ASUS GTX 960 STRIX and Testing Setup

We have several retail GTX 960 cards already in our possession for testing but the first to arrive was the ASUS GTX 960 Strix card and thus it will be the basis for our testing in today's launch story. You can expect a full review of this card, the EVGA GTX 960 SSC and the MSI GTX 960 100ME card in the coming days!

The GTX 960 Strix follows in ASUS' goals of creating graphics cards that are both highly overclockable yet as quiet as possible, hence the owl logo the company has adopted. The cooler on the card is beefy, extending well past the PCB of the card and uses the familiar DirectCU II 0 dB fan technology. ASUS claims that the DCII cooler is 220% larger than the heatsink used on the reference design.

Out of the box the ASUS Strix card will run with a base clock of 1291 MHz, a rated Boost clock of 1317 MHz and memory running at 7200 MHz. Those are modest increases over the reference speeds of 1127 MHz base (14% higher), 1178 MHz Boost (12% higher) and 7000 MHz (3% higher). The result should be a performance increase in real-world games of anywhere from 5-10% but we'll confirm that on a later page.

From a build perspective ASUS has improved over the reference PCB design with 5-phase power using Super Alloy chokes that decrease any chance for coil whine or noise. It also employs Super Alloy capacitors and MOS for longer lifespan and higher voltage thresholds that should, at least in theory, allow for large overclocking windows.

The GTX 960 by design only requires a single 6-pin power connection and the ASUS Strix model follows that lead. ASUS does have a handy LED on the back that illuminates red when the ATX power connection is not attached; it turns white when you have plugged in the cable (dummy). Also seen here is the back plate included on all Strix models to help protect the components and act as a basic heatsink for the PCB.

Output connectivity includes a dual-link DVI port, a full-size HDMI port and a set of three full-size DisplayPorts. This basically mirrors that of the GTX 980 and is a welcome change for users that frequently attach several displays to their systems.

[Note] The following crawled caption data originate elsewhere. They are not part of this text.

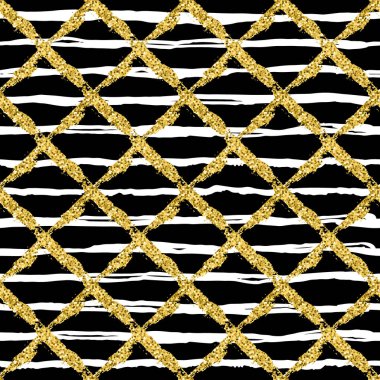 Modern Dikişsiz desen fırça ile ekose ve çapraz çizgili. Beyaz, siyah zemin üzerine altın metalik renk. Altın glitter doku. Mürekkep geometrik öğeleri. Moda podyum stil. Kumaş bez yineleyin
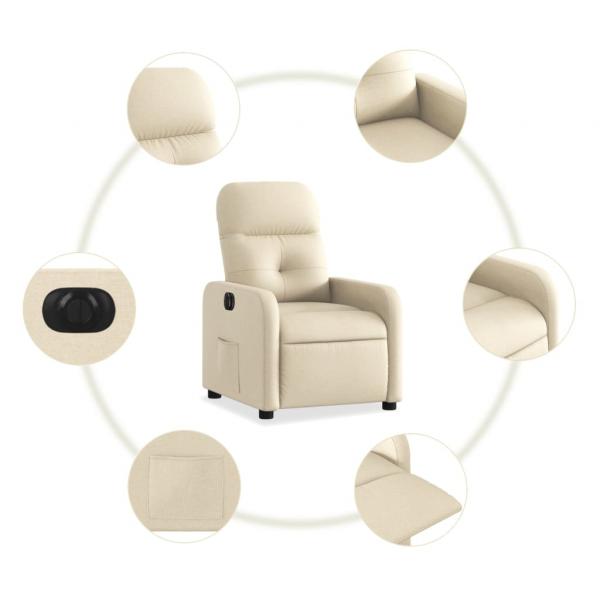 Relaxsessel Elektrisch Creme Stoff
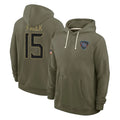 T.Titans #15 Keldric Faulk Player Olive Salute to Service Hoodies Home Game Qdoa Stitched Jerseys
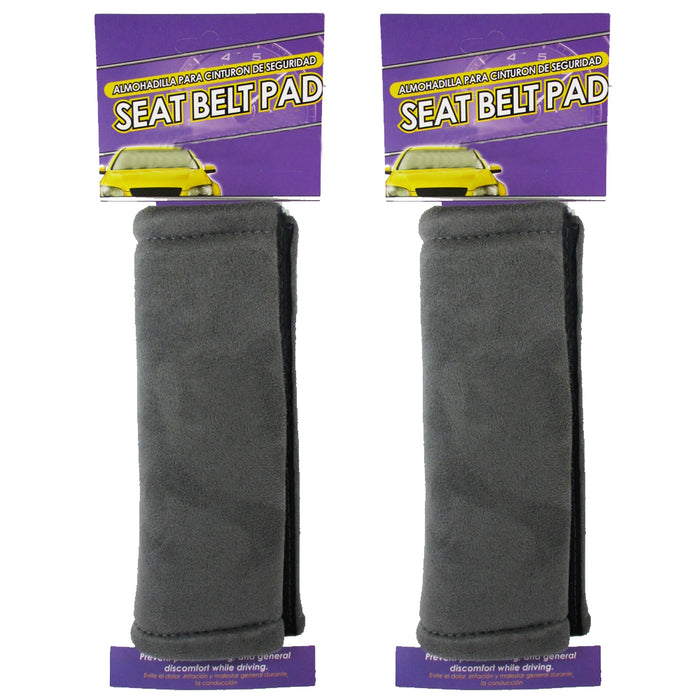2Pc Grey Seat Belt Pads Car Safety Soft Shoulder Strap Cover Cushion Truck Auto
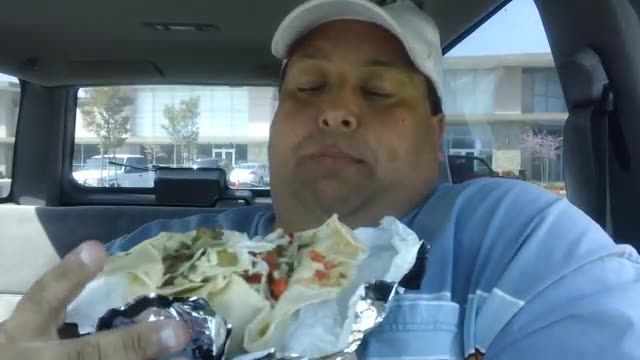 Joey eating fast food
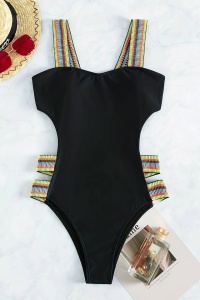 Costum de baie dama, o piesa, model cu decupaje provocatoare, chilot decupaj clasic, bretele colorate, tematica sexy summer negru - Img 3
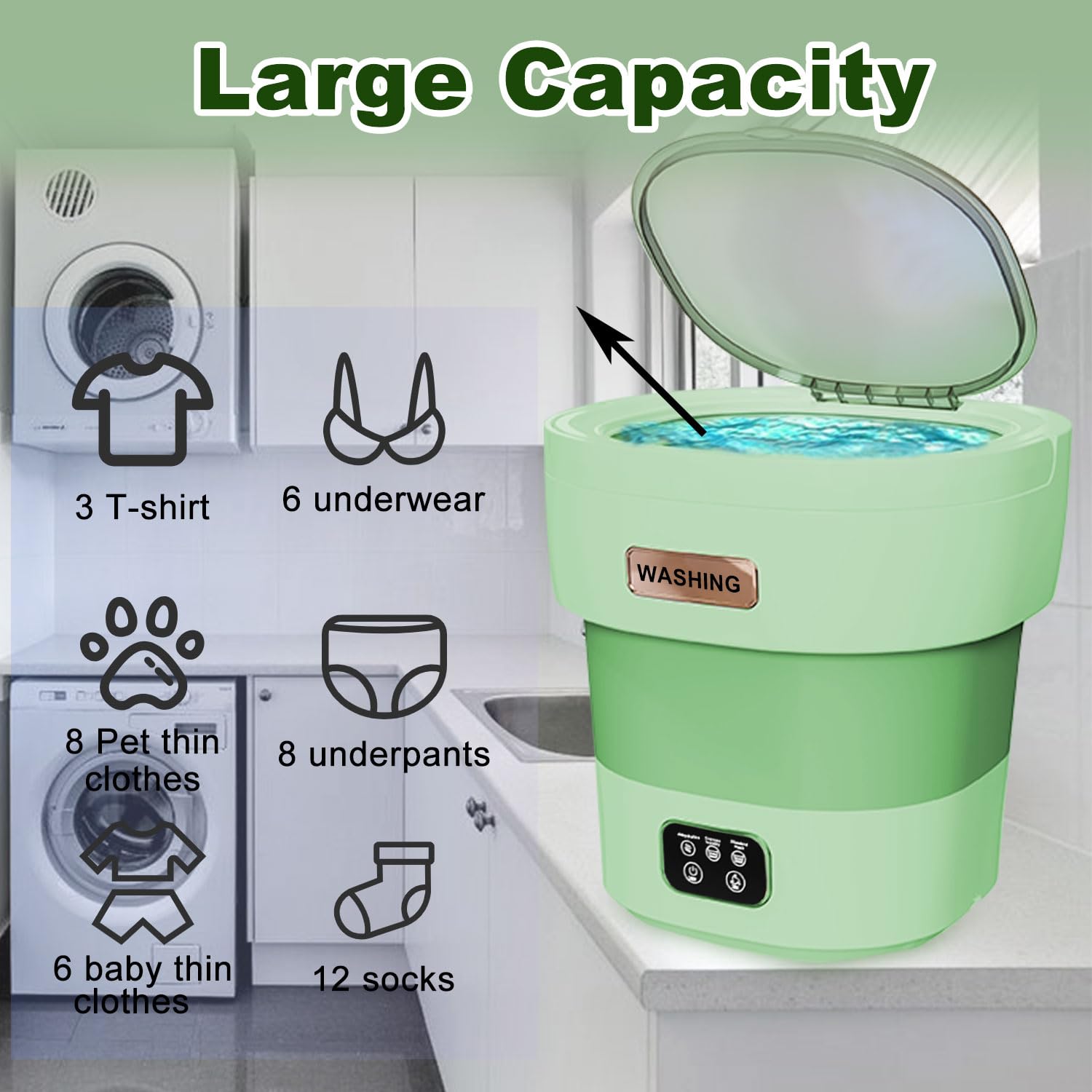 Mini Portable Washing Machine 18L 60W with Spin Dryer - Foldable Compact Washer for Travel, Camping, RV, Dorm & Small Apartments | Green Energy Saving Laundry Solution | Perfect for Outdoor Adventures, Tiny Homes & Off-Grid Living [2024 Clean S+]
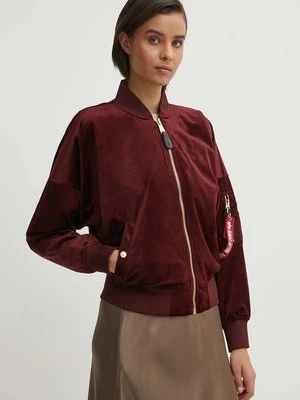 Alpha Industries kurtka bomber MA-1 OS Velvet damski kolor bordowy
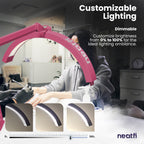 Lámpara de mesa LED de media luna con abrazadera – 2500 lúmenes, 5 modos de luz para decoración de uñas y tratamientos faciales, rosa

As for the price, the ASUS GTX 960 Strix will start with an MSRP of just $209, a very modest $10 increase over the price of a reference design with the same GPU. Considering the cooler improvement and out-of-box overclock, that is an easy upgrade decision to make.

Testing Configuration

The specifications for our testing system haven't changed much.

Test System Setup
CPU Intel Core i7-3960X Sandy Bridge-E
Motherboard ASUS P9X79 Deluxe
Memory Corsair Dominator DDR3-1600 16GB
Hard Drive OCZ Agility 4 256GB SSD
Sound Card On-board
Graphics Card ASUS GeForce GTX 960 Strix 2GB
NVIDIA GeForce GTX 760 2GB
NVIDIA GeForce GTX 660 2GB
Sapphire Radeon R9 285 2GB
MSI Radeon R9 280 Gaming 3GB
Graphics Drivers AMD: 14.12 Catalyst Omega
NVIDIA: 347.25
Power Supply Corsair AX1500i
Operating System Windows 8.1 Pro x64


What you should be watching for

  1. GTX 960 vs GTX 760 – The GTX 760 was a larger GPU but can the GTX 960 actually surpass it in performance?
     
  2. GTX 960 vs R9 285 – AMD's current target in the $199/$209 price range is the Radeon R9 285. Can Tonga hold its own against a smaller Maxwell GPU?
     
  3. GTX 960 vs GTX 960 MFAA – We tested a handful more games with MFAA enabled – does it really make the difference that NVIDIA seems to think it does when it comes to performance at 1080p?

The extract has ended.